Con un gregario del favorito Bernard Hinault como sorprendente líder, para su primera llegada en línea la carrera se dirige a la bellísima ciudad de Cuenca. Serán 235 kilómetros entre Almusafes y la capital conquense en los que habrá lluvia y llegada con un desnivel notable y un empedrado histórico que dejará a los corredores a los pies de la Catedral. Antes de llegar a la ciudad de las Casas Colgadas y el Museo Nacional de Arte Abstracto, José Luis Laguía, enfundado en un maillot rojigualda que lo acredita como campeón de España de fondo en carretera, comienza a dar muestras de su deseo de imponerse en el Gran Premio de la Montaña. El corredor del Reynolds no tiene la fuerza suficiente para pelear en los grandes puertos que le esperan en esa edición de la Vuelta, pero su buena punta de velocidad y su sapiencia a la hora de acumular puntos en los más tendidos puertos de 2º y 3º categoría le van a permitir pelear por el que iba a ser su tercer entorchado consecutivo en la ronda española. El rostro de Laguía se mantendrá en el inconsciente colectivo de todos aquellos chicos que jugaban a emular las carreras ciclistas sobre el suelo de los patios de las escuelas colocando retratos adhesivos en los cascos de las botellas, empujándolos por turnos con un golpe seco de los dedos, intentando no salirse del camino marcado por el riesgo de tener que comenzar desde la salida de nuevo, dejando el índice de la mano derecha completamente despellejado al finalizar la competencia. Los botes de detergente Dixan o Luzil eran los más apreciados por contener los más eficientes remedos de las bicicletas y ciclistas de la época. José Luis Laguía aún conseguiría dos reinados más de la montaña en las ediciones de 1985 y 1986 y su récord de cinco victorias se mantiene vigente hasta el día de hoy.

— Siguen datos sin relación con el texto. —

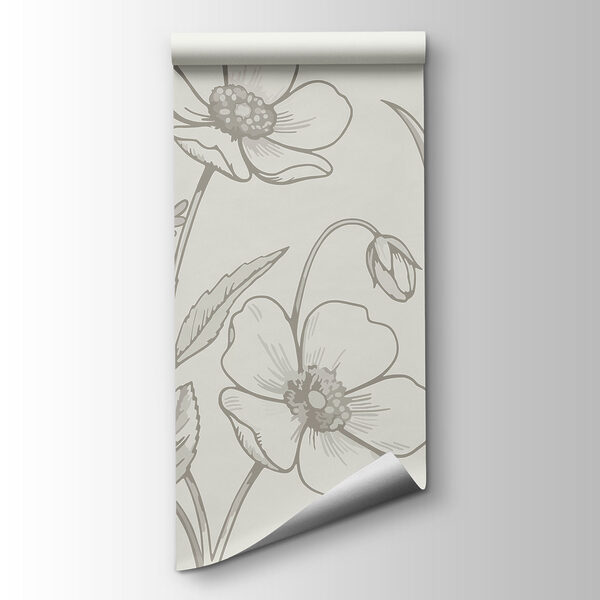 Fotobehang Assortiment bloemen en planten (Artikelnummer: t01071)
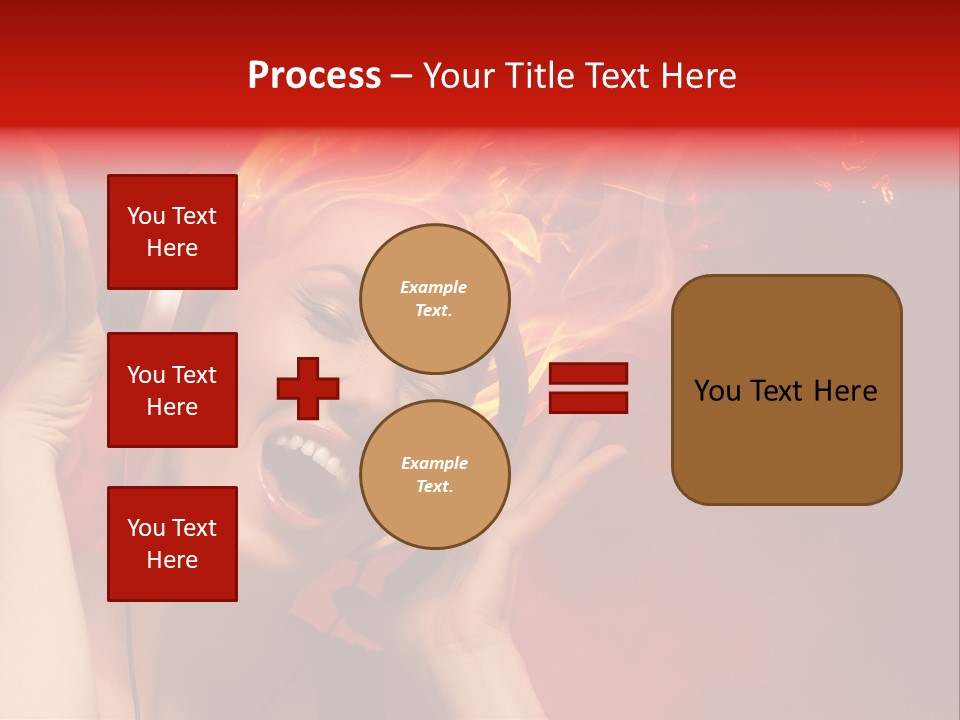 Portrait Person Flame PowerPoint Template
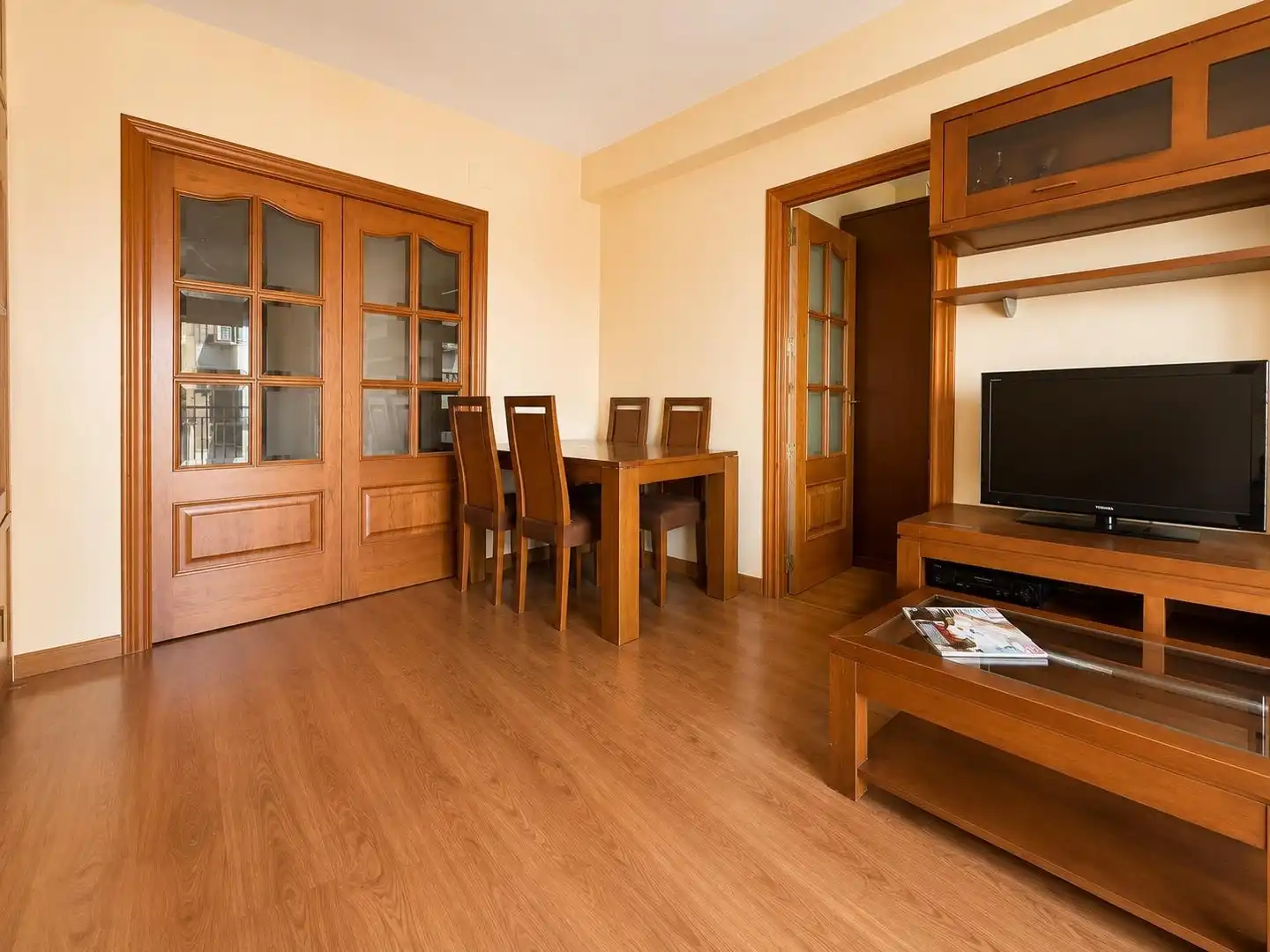Wohnzimmer von Wohnung zum Verkauf in Madrid mit Heizung, Parkett und Terrasse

El desnivel de los últimos kilómetros de la etapa es notable y aunque los segundos en juego de cara a la clasificación general no serán muchos, ninguno de los que aspiran a la victoria final se puede despistar en una competición que suele decidirse por diferencias muy pequeñas. El pelotón pasa junto a antiguos refugios de la Guerra Civil, supera los arcos que llevan hasta la plaza consistorial y en la línea de meta se impone un hombre de la tierra, el conquense Juan Fernández, demostrando un cierto carisma ardenero. A continuación del corredor del Zor -que consigue así su primera victoria parcial-, entrarán Guido Van Calster, belga del Del Tongo, y Jesús Suárez Cueva, del Hueso. El primero entre los favoritos es, por supuesto, Bernard Hinault. Ese día, el doméstico Dominique Gaigné podrá por fin enfundarse su primer maillot de líder.

En una de las salas del Museo, la bella Brigitte Bardot de Antonio Saura suspira ante el carisma animal de su compatriota Hinault. Tres lustros más tarde otros dos aragoneses, uno oscense, Javier Aquilué y otro de Zaragoza, Antxon Corcuera, se conocerán en un tren mientras se dirigen a comenzar sus estudios de Bellas Artes. En sus años universitarios experimentarán con las distintas expresiones del sonido, el espacio y la naturaleza. Los primeros temas de su proyecto de música pop Kiev Cuando Nieva se compondrán allí, en Cuenca. Cuenca tiene subterráneos donde la gente se protegía de las bombas y un pasado medieval con trasfondo esotérico. Pero Kiev cuando nieva prefiere la lírica de la sencillez y la instrumentación arreglada de manera pausada. No hay títulos para las canciones, solamente fechas. En 2014 volverán al lugar donde comenzó todo, cantar y contar, plasmar y tocar.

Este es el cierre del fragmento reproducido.